The facet links don't have any awareness of other GET parameters that might be in the URL other than the ones that AS puts there itself. In fact, anything in the query string should be preserved so that other modules can use it too.

Comments

pwolanin’s picture

Status: Needs review » Needs work

We worked hard to remove all references to $_GET from the class. Seems like it would make more sense to pass in $_GET to the constructor.

Also, drupal_query_string_encode() has a serious bug in that it does:

$key = drupal_urlencode($key);

I'll have to find the issue link.

JacobSingh’s picture

I don't love the class taking in $_GET... I suppose it is okay, but for DX, classes that take anonymous arrays of "stuff" are usually deadly. Seems to me that parsing $_GET should be outside of the class, and perhaps making sense of some random variables could be in a class factory. But the constructor should, if possible, be clean of that kind of logic and ambiguity.

If we just shove $_GET in as a property of the class along with other well defined ones in the constructor, I'm okay with that, as long as the $_GET munging doesn't happen there.

robertdouglass’s picture

Status: Needs work » Needs review
StatusFileSize
new1.88 KB

Well, this approach here is the most flexible, and keeps GET out of the class, but is crappy for DX. Please comment separately on the issue of the function signature, when/where/if we deal directly with GET, and on the static helper function that this introduces to work around the bug Peter mentioned.

robertdouglass’s picture

I thought about putting the static function in the apachesolr.module but decided against it.
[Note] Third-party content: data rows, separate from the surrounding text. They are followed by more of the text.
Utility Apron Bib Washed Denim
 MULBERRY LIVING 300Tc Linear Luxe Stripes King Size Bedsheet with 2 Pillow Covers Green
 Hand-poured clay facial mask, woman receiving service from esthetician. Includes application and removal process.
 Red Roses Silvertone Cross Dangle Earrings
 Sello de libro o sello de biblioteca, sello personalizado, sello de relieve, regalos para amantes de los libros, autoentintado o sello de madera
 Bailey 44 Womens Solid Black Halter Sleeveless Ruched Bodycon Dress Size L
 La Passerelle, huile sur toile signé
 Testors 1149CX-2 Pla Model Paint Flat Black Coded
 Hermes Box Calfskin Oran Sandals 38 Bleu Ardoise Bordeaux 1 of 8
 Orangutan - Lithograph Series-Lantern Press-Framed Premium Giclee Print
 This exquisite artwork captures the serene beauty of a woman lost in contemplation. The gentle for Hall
Even though the concept of static functions in Drupal is somewhat stupid, it's nice that our class is almost completely free of dependencies on the module, so I elected to keep it a static function to maintain that.

robertdouglass’s picture

StatusFileSize
new2.2 KB

This one munges $_GET into a private static variable with a pattern reminiscent of static caching (using if empty()). It then automatically includes that array in the query building. Since there is an incoming $excludes array the developer can override any of this behavior.

robertdouglass’s picture

StatusFileSize
new2.21 KB

my original version filtered $_GET by check_plain. Peter, do you think this is necessary?

pwolanin’s picture

It's not clear to me whether we need to worry about it, but maybe we shoudl based on this function: http://api.drupal.org/api/function/filter_xss_bad_protocol/6

Actually, if we are doing it we shoudl probably do it when we output the querystring, rather than on input?

robertdouglass’s picture

I think (again for DX) doing it once, and doing it in the class when the variable gets set, is the best option.

I'm seeing a possibly related issue (need to role back the patch to confirm); my URLs are coming back with spaces, not plus signs (+), and this is breaking the unclick links.

pwolanin’s picture

@Robert - we are using rawurlencode() now which shoudl encode spaces as %20, not +.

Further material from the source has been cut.